Lu Kang had two known sons. The elder one, Lu Jun (陸儁), was appointed as a Gentleman (郎中) by the Han imperial court in recognition of Lu Kang's unwavering loyalty to the Han Empire during the siege of Lujiang. The younger one, Lu Ji, was a scholar who came to serve under the warlord Sun Quan as the Administrator of Yulin Commandery (鬱林郡). Lu Ji was also one of the 24 Filial Exemplars. Lu Kang also had a daughter who married Gu Yong. (Note: The Sanguozhi recorded that Gu Shao, Gu Yong's eldest son, was equally famous as his maternal uncle Lu Ji in his youth. If Lu Ji was a maternal uncle of Gu Shao, that means Gu Yong married Lu Ji's sister and hence Gu Yong's father-in-law was Lu Ji's father, Lu Kang.)

One of Lu Kang's grandsons, Lu Shang (陸尚), was also appointed as a Gentleman (郎中) by the Han court in recognition of Lu Kang's success in suppressing Huang Rang's rebellion.

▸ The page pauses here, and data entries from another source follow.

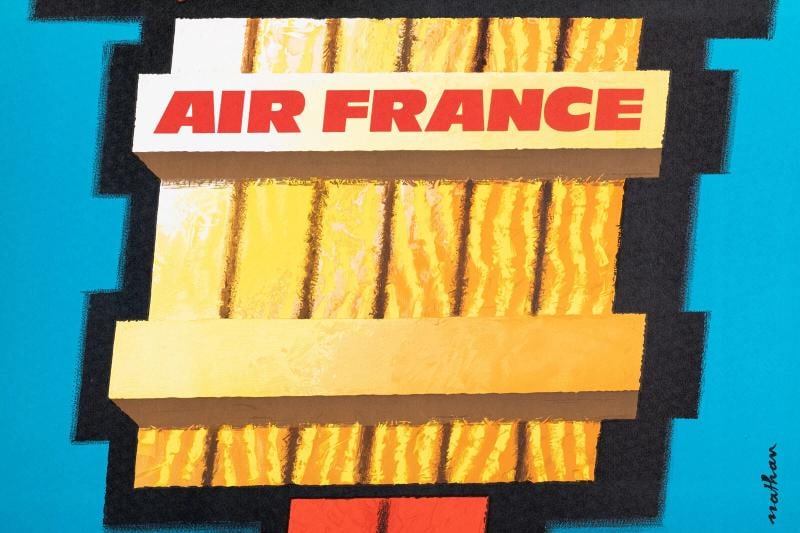 Original Air France Poster, Nathan, Boeing 707, Aviation, Mid Century, 1962 - 4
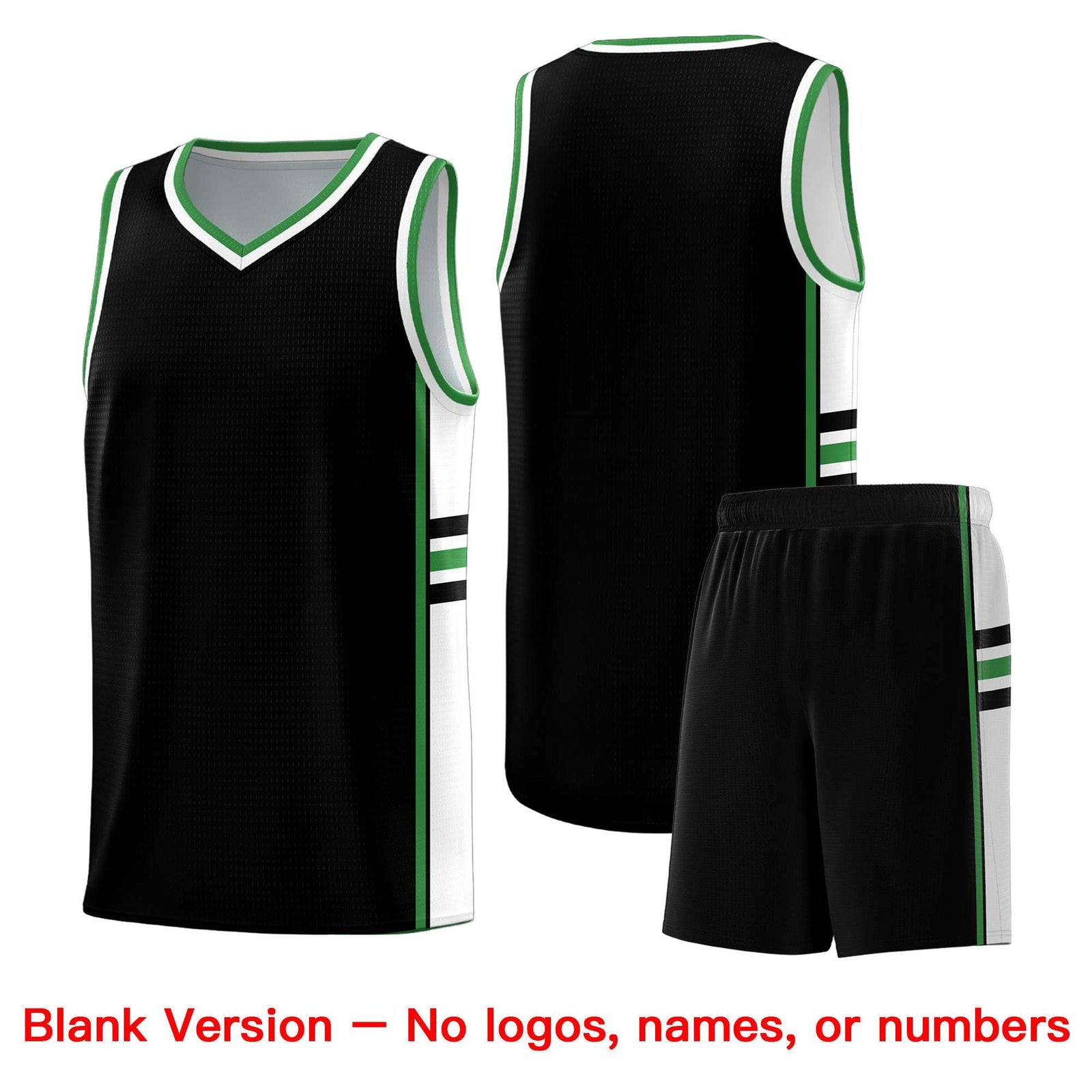 Custom Youth Basketball Jersey - Black Kelly Green Two-Tone Classic Varsity Uniform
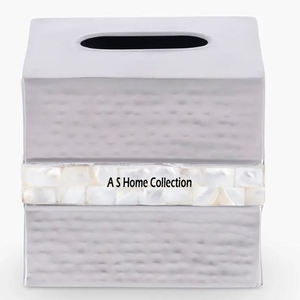 Pas cher prix bureau métal acier inoxydable nacre boîte à mouchoirs de haute qualité Restaurant café décor décoration de Table - Product Image 4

Lu Kang was a granduncle of Lu Xun. He raised Lu Xun, who was orphaned at a young age. When Yuan Shu's forces (led by Sun Ce) were about to attack Lujiang, Lu Kang sent Lu Xun and his family members back to their home in Wu County for their safety. After Lu Kang's death, Lu Xun became the new head of the family because he was much older than Lu Kang's son Lu Ji, even though Lu Ji was one generation older than him.